Three non-randomized trials were identified through our systematic literature search.83,84,89 Due to the lack of a control arm, it was not possible to estimate the relative and absolute effects of treatment with regard to the predefined outcomes. Considering the high response and disease control rate, and an impact of toxicities judged as moderate, however, the panel voted for a balance between risks and benefits favoring the systemic treatment with Hedgehog inhibitors compared with follow-up/best supportive care.
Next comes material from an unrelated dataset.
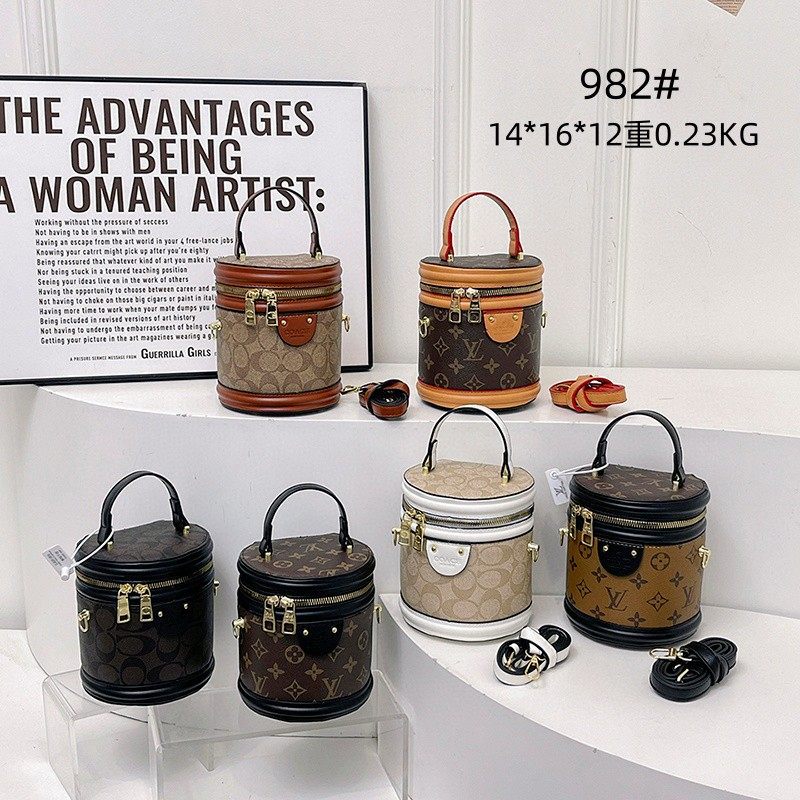 水桶包 66包邮 高版本女包 档口全新48小时发货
The panel did not identify any probable uncertainty or variability on how the population may evaluate the analyzed outcomes. The intervention is equally available across the country, and should be acceptable by all stakeholders. See Supplementary material (Question 17), available at https://doi.org/10.1016/j.esmoop.2023.102037, for evidence to decision results, quality of evidence and implications for future results.
Final considerations
On 20 May 2021, the EMA’s Committee for Medicinal Products for Human Use (CHMP) adopted a positive opinion recommending a change to the terms of the marketing authorization for cemiplimab. The CHMP adopted new indications as follows: cemiplimab as monotherapy is indicated for the treatment of adult patients with locally advanced BCC or mBCC who have progressed or are intolerant to a Hedgehog pathway inhibitor. The positive opinion on the new indication was based on data from a multicenter phase II study, in which 84 patients were enrolled and treated with cemiplimab between November 2017 and January 2019. The primary endpoint was objective response. At a median follow-up of 15 months, an objective response by independent central review was observed in 26 (31%; 95% CI 21 to 42%) of 84 patients. The median time to response was 4.3 months (interquartile range: 4.3-7.2 months), with an 80% disease control rate (95% CI 70% to 88%) and a durable disease control rate of 60%. The median progression-free survival was 19 months (95% CI 9 months-not evaluable). The safety profile was consistent with the known adverse events associated with anti-programmed cell death protein 1 (PD-1) agents, even considering the advanced age of the included patients (median age: 70 years). The observed immune-related toxicities were manageable, with a total of nine (11%) serious immune-related adverse events, particularly colitis and adrenal insufficiency.90 The positive opinion by the EMA CHMP was followed by the approval by the European Commission in June 2021.
Acknowledgments
Funding
None declared.
Disclosure
PQ reports consulting or Advisory role for Roche/Genentech, Novartis, Merck Sharp & Dohme (MSD), Bristol Myers Squibb (BMS), Pierre Fabre, Sanofi, Sun Pharma Advanced Research Company, Merck Serono. Travel, accommodations, expenses from MSD Oncology, Sanofi/Regeneron. FB reports advisory role for Sun Pharma. Speaker fee, travel/accommodations for presentations or lectures for Sanofi/Regeneron. Honoraria as consultant for Roche, Novartis. PB reports consulting or advisory role for Merck, Sanofi, MSD, Sun Pharma, Angelini, Molteni, BMS, GlaxoSmithKline (GSK); research funding by GSK, MSD, Sanofi, BMS. MDV reports consulting or advisory role for Novartis, MSD, BMS, Pierre Fabre, Immunocore. KP reports advisory board roles with AbbVie, LEO Pharma, Janssen, Almirall, Eli Lilly, Galderma, Novartis, Pierre Fabre, Sun Pharma and Sanofi. PQ reports advisory board and speaker fee from Sanofi, Sun Pharma, IGEA. IZ reports advisory board and speaker fee from Sanofi, Sun Pharma, Philogen, Regeneron, Novartis, MSD, Cieffe Derma, La Roche Posay, BMS, Almirall. FS reports honoraria for presentations or lectures from Sanofi Genzyme, Roche, BMS, Novartis, Merk, Sun Pharma, MSD, Pierre Fabre; participation on advisory board for Novartis, Philogen Sun Pharma and MSD. All other authors have declared no conflicts of interest.